Qu’on se souvienne ainsi de No way out (1973), où les cases sont dessinées comme des cubes évidés dans lesquels un personnage nu, enfermé dans cet espace clos trop petit, semble s’agiter désespérément. Dans cette composition en une page, les cases sont à la fois ce qui délimite le dessin, organise les images, et ce qui enferme le personnage, la prison de la représentation. Qu’on se souvienne encore de Les gens… faut les aimer ! (People… You Gotta love’em !, 1989), où la composition en trois bandes de deux cases présente de grandes vignettes carrés, seulement séparées par une mince gouttière. Ces grandes cases, serrées l’une contre l’autre, se succédant imperturbablement, accueillent une foule d’individus nus, si pressés les uns contre les autres qu’on ne peut guère observer que leur tête, leur cou et leurs épaules.
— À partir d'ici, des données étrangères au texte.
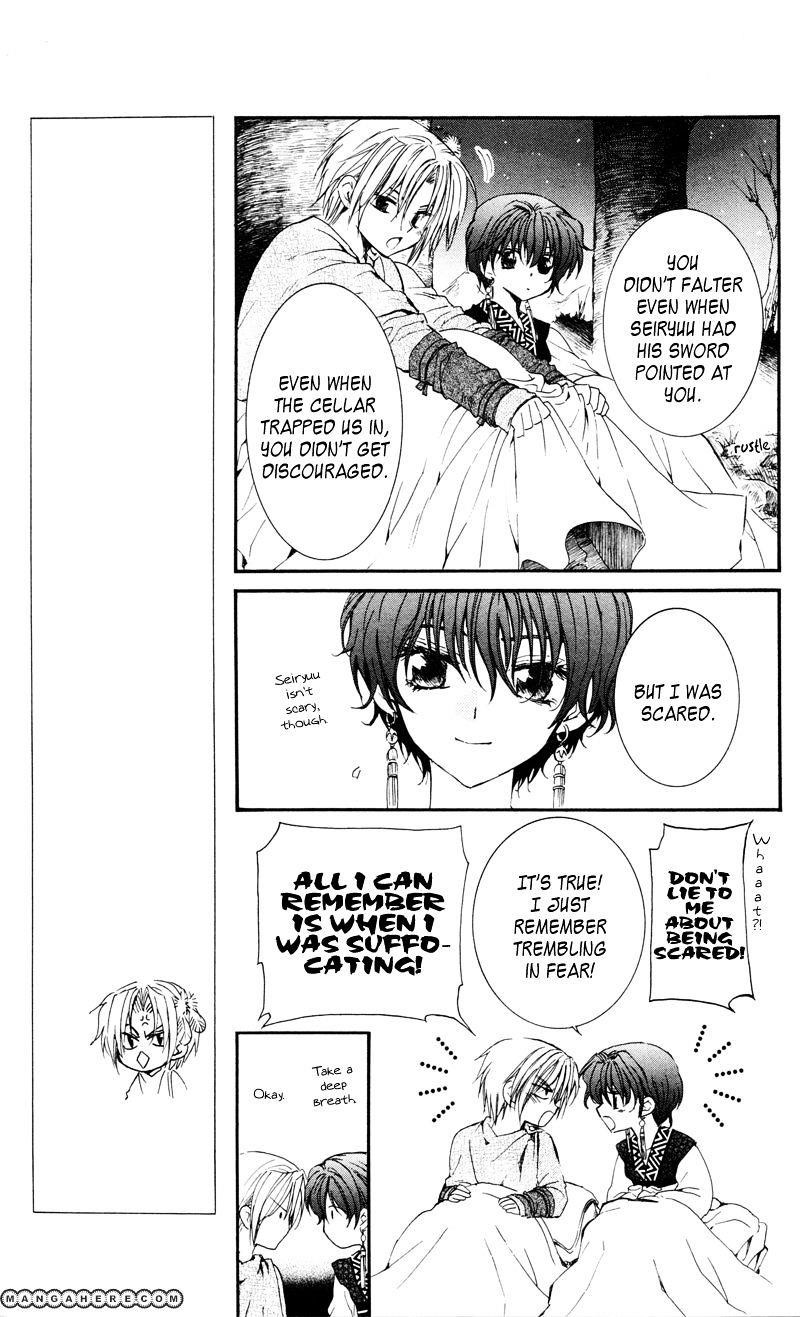 Akatsuki no Yona Chapter 25 - Page 15 in English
C’est encore une composition régulière qui est à l’œuvre dans la mémorable Brève histoire de l’Amérique. Dans ce récit en douze grandes et larges cases se succèdent des vues d’un même paysage ordinaire de l’Amérique : le dessinateur y montre sa vision de la transformation du territoire au cours du passage des années. Les arbres disparaissent progressivement, les animaux sont domestiqués puis remplacés par des véhicules, les vallons défigurés par la cicatrice d’une voie ferrée bientôt doublée d’une route. Poteaux télégraphiques, câbles électriques, enseignes publicitaires prolifèrent : le ciel même est tailladé par l’activité de l’homme, qui reste lui-même presque invisible. La régularité de la composition, le caractère imperturbable de la succession de ces grandes cases dont chacune occupe la bande tout entière, évoque puissamment l’infaillibilité de l’enchaînement des transformations de l’espace, des altérations du paysage. La dénaturation de l’environnement est présentée comme fatalité inexorable.
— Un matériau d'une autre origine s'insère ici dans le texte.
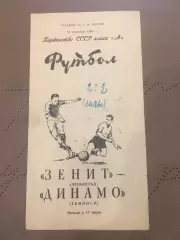 Зенит (Ленинград) - Динамо (Тбилиси) 14.09.1965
En dépit de tout parti pris dans la représentation, malgré l’absence de tout cynisme dans le choix des figures, on ne peut s’empêcher de ressentir à la lecture de cette bande dessinée le sentiment d’une perte douloureuse et irrévocable ; et ceci d’autant plus que le processus est encore à l’œuvre : « Et après ? » interroge Crumb pour clore la dernière case.